Half life is defined as

the period of time it takes for a substance undergoing decay to decrease by half. The name was originally used to describe a characteristic of unstable atoms (radioactive decay), but it may apply to any quantity which follows a set-rate decay.

The shorter the life time the faster the material returns to normal levels of radioactivity.

Iodine in eight days exudes half the radiation it had the first day. In sixteen days it is 1/(2*2)=1/4 etc.

Plutonium takes hundreds of years to get to halve its radiation level.

In addition the danger of the body replacing its minerals with radioactive ones is a major factor of danger from long lived elements, like plutonium, through the food chain, from fallout and ground pollution. The shorter the lifetime , the better.


There are two aspects to be considered for radioactive material. Long half-lives like Pu will contaminate areas for decades or centuries but have relatively small decays/second per unit mass. Short half-lives like Iodine disappear in months but have extremely high decays/second per unit mass. Of course, ingesting either can lead to serious illness or death.

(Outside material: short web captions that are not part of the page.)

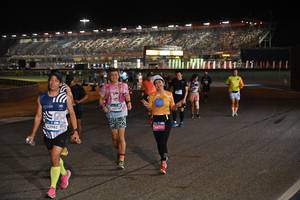 BIB: 
                            <button type="button" onclick="openModal(23902281)" class="btn btn-primary btn-sm float-right btn-popup" data-toggle="modal" data-target=".modal-high-quality">
                        <i class="fas fa-shopping-cart"></i> Add to Cart
                    </button>
                                            <button type="button" onclick="isThisMe(23902281, true)" class="btn btn-success btn-sm float-right btn-popup btn-isme hidden" data-toggle="tooltip" data-placement="bottom" title="นี่คือรูปของคุณใช่ไหม คลิกที่นี่เพื่อเอาเข้าอัลบั้ม">
                        <i class="fas fa-plus"></i> Add to album
                    </button>
                    <button type="button" onclick="isThisMe(23902281, false)" class="btn btn-warning btn-sm float-right btn-popup btn-isnotme hidden">
                        <i class="fas fa-ban"></i> Remove from album
                    </button>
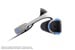 Sony Playstation VR Headset (PS VR) thumbnail-11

It might have to do with metrics. If Becquerels are used, 1 Becquerel equals one distintegration per second, then one becquerel of a long halflife substance means there are more radioactive atoms present (by the ratio of halflives). It all depends on how you normalize things. If you normalize by the number of radioactive atoms present, then the shorter halflife material will have many more disintegrations per second initially. If you normalize by instantaneous activity, then the shorter half-lived substance will always jave fewer distintegrations per second. As usual, some actual numerical understanding, as opposed to rhetorical understanding must be applied.

In terms of contamination, contamination by short lived stuff, can probably be waited out. For instance if milk has too much I-131 (halflife 8days), and it were made into powdered milk or cheese, and left on the shelf for a few months it would then be harmless, whereas if a foodstuff were contaminated with Cesium-137 halflife 30years, it is impractical to wait for it to decay.

  • $\begingroup$ Isn't this backwards: "... the shorter half-lived substance will always have fewer distintegrations per second."? If I start with the same amount of nuclei, the short half-lived nuclei undergo more disintegrations per second. $\endgroup$
    – Jens
    Dec 6, 2012 at 14:53
  • $\begingroup$ You have to also consider the energy levels of the particles. Some short-lived isotopes have weak emissions and are less damaging. $\endgroup$
    – user148298
    Sep 28 at 5:11

Scientists consider radionuclides with short half lives to be a lot more dangerous because they are. Press weenies and environmentalists have a political agenda and spread the lie that long half lives are bad.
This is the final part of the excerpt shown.